2. Laser Alloying, Glazing, and Cladding
Laser cladding is a coating manufacture method with which it is possible to obtain low porous and improved properties coatings on different materials (mainly metals) using a laser as energy source. Based on the feed material, the amount of molten substrate and the laser parameters, three varieties of this process can be established: laser alloying, laser glazing and laser cladding. In the three cases, the high cooling rate and, consequently the quick solidification during the fabrication process is the main advantage of these methods, because it results in a fine microstructure and improved mechanical properties. During the solidification process, the melted metal liquid atoms are joined together at the nucleation points and start to form crystals. These crystals grow and form grains in the direction of the solidification, however, due to the high cooling rates, these grains have no time to become bigger, and their size ends up being very small in this kind of process. Small grain sizes result in high number of grain limits and, consequently, in high hardness and mechanical properties
[6].
Laser alloying technique allows to melt simultaneously the feeding material and the substrate obtaining a homogeneous alloyed metal.
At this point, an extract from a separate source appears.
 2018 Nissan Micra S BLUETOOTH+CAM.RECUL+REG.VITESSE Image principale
In general, the coating is not very thick because the amount of spraying material is low
[7].
Laser glazing allows to melt only a small part of the substrate and cool it very quickly (10
10–10
12 K/s), which forms amorphous crystal
[8][9][10][11].
Coatings with different composition to the substrate have been successfully fabricated by Laser cladding technique since this method produces a minimum dilution of the substrate allowing the coating to maintain the feed material properties. Moreover, a fine coating microstructure is obtained due to the quick cool rate. To achieve this, the control of the laser parameters is very important.
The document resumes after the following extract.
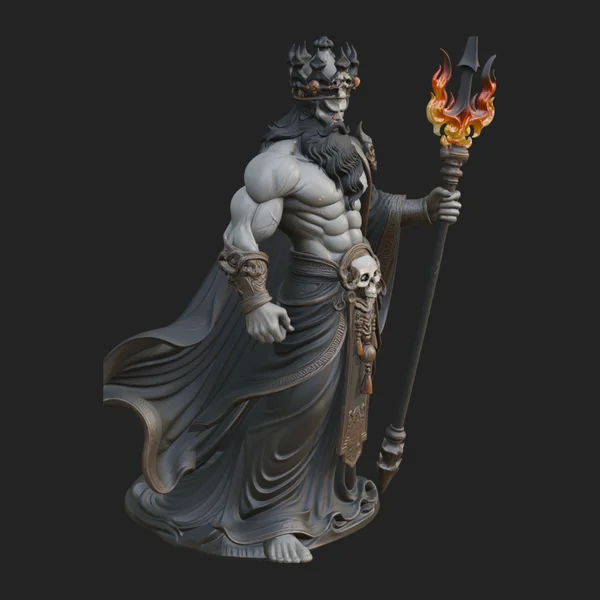 Flame Crowned Death God Statue Design 3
The main problem of lasers techniques on magnesium alloys is that the use of magnesium as a substrate, together with high values of laser power, can produce a dilution of the magnesium from the substrate to within the coating matrix due to the low melting points of magnesium alloys (~560 °C) that makes them liable to be melted during the laser cladding process. Nevertheless, this dilution changes with the processing parameters, therefore, obtaining a minimal dilution rate is possible. Indeed, the three methods of coatings fabrication (laser alloying, laser glazing and laser cladding) are feasible on magnesium alloys.
For instance, Ignat et al.
[12] obtained hardened high corrosion resistance Al/Mg coatings on WE43 and ZE41 magnesium alloys by laser alloying. Other authors such as Yue, Su, and Yang
[8] and Huang et al.
[9] developed amorphous coatings by laser glazing. However, avoiding dilution is possible by using low laser power. Yang et al.
[13] used laser cladding to coat ZE91D magnesium alloys with Al + (Ti + B
4C) composite coatings and A. H. Wang et al.
[14] utilized laser cladding to repair surface areas of magnesium components.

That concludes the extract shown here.